Dalam hal ini pendekatan lebih diarahkan ke agama kristen yang merupakan paradigma awal pemikiran dalam agama . Sebagai studi perbandingan dan tinjauan kritis terhadap agama lain seperti Hindu, Budha dan Islam. Dan pendekatan lain yang membahas lebih detail tentang kaitannya dengan agama-agama yang ada di belahan dunia timur.
Pemahaman tentang mistik yang berkaitan dengan agama serta pendapat-pendapat filsuf barat yang mencoba merasionalitaskan esensi mistik yang dikandung dalam agama yang dianut masyarakat. Studi tentang mistik secara akademis diawali semenjak akhir abad ke 19. Munculnya istilah mistisisme (mysticism), Michel de Certeau, mengatakan pertama kali di awal abad 17 di Perancis berasal dari kata La Mystique. Yang diperkenalkan pertama kali oleh intelektual-intelektual barat untuk menyebut fenomena atau aspek dalam tradisi Kristen.
Munculnya mistik dalam agama, memarjinalkan peran agama yang sesungguhnya, sarjana-sarjana agama dan para filsufpun tidak mampu menjelaskan secara pasti apa definisi sebenarnya “ Mistik “ itu, sehingga selama berabad-abad diskusi tentang mistik hanya berkutat pada masalah-masalah ritualitas yang berbeda dan pemunculan visual berikutnya dari ritual tersebut dan secara kebetulan sempat ditangkap oleh indera para sarjana-sarjana tersebut dari para penganut agama – agama itu. Selain itu perkembangan pemikiran dan ilmu pengetahuan juga banyaknya penelitian tentang filsafat dan agama.
Seiring dengan bergulirnya waktu ikut pula mengkontruksi polaritas esensial agama menjadi konstruksi modern. Maka penjelasan tentang agamapun menjadi lebih di prioritaskan kepada fungsi dan manfaat agama tersebut bagi pemeluknya. Anggapan tentang agama sebagai simbolitas sosial pemeluknya menjadi kejelasan keterpengaruhan aspek sosio kultural ketika agama itu dianut dan diyakini kebenarannya.
Selanjutnya adalah ketidak perfeknya pelaksanaan ritualitas religi itu, menginterprestasikan perbedaan yang cukup retorik guna memperjelas eksistensi diri maupun agama yang sedang dijalaninya.

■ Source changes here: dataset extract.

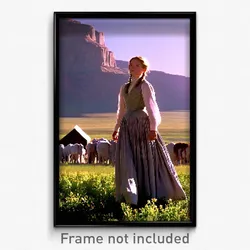 Pixel Art Poster - Hard To Find Prairie (8 Bit Psychedelic Video Game Print)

Para filsup Baratpun akhirnya memberikan pemisahan antara, agama dan sekulerisme. Bukti pemisahan ini terjadi di Amerika serikat yang secara ekplisit memisahkan Gereja dengan Negara, dan memberikan kebebasan kepada individu untuk menjalankan agama yang dipilihnnya.Pandangan didunia akademis modern yang sekuler, memandang gerakan-gerakan dan ideologi-ideologi politik seperti Marxisme, Nasionalisme dan lain sebagainya sebagai agama modern. Inilah sisi akademis dari upaya perebutan kekuasaan, yaitu justifikasi otonomi agama dan studi agama sebagai disiplin ilmu yang bersemangat dan penting di universitas modern yang sekuler.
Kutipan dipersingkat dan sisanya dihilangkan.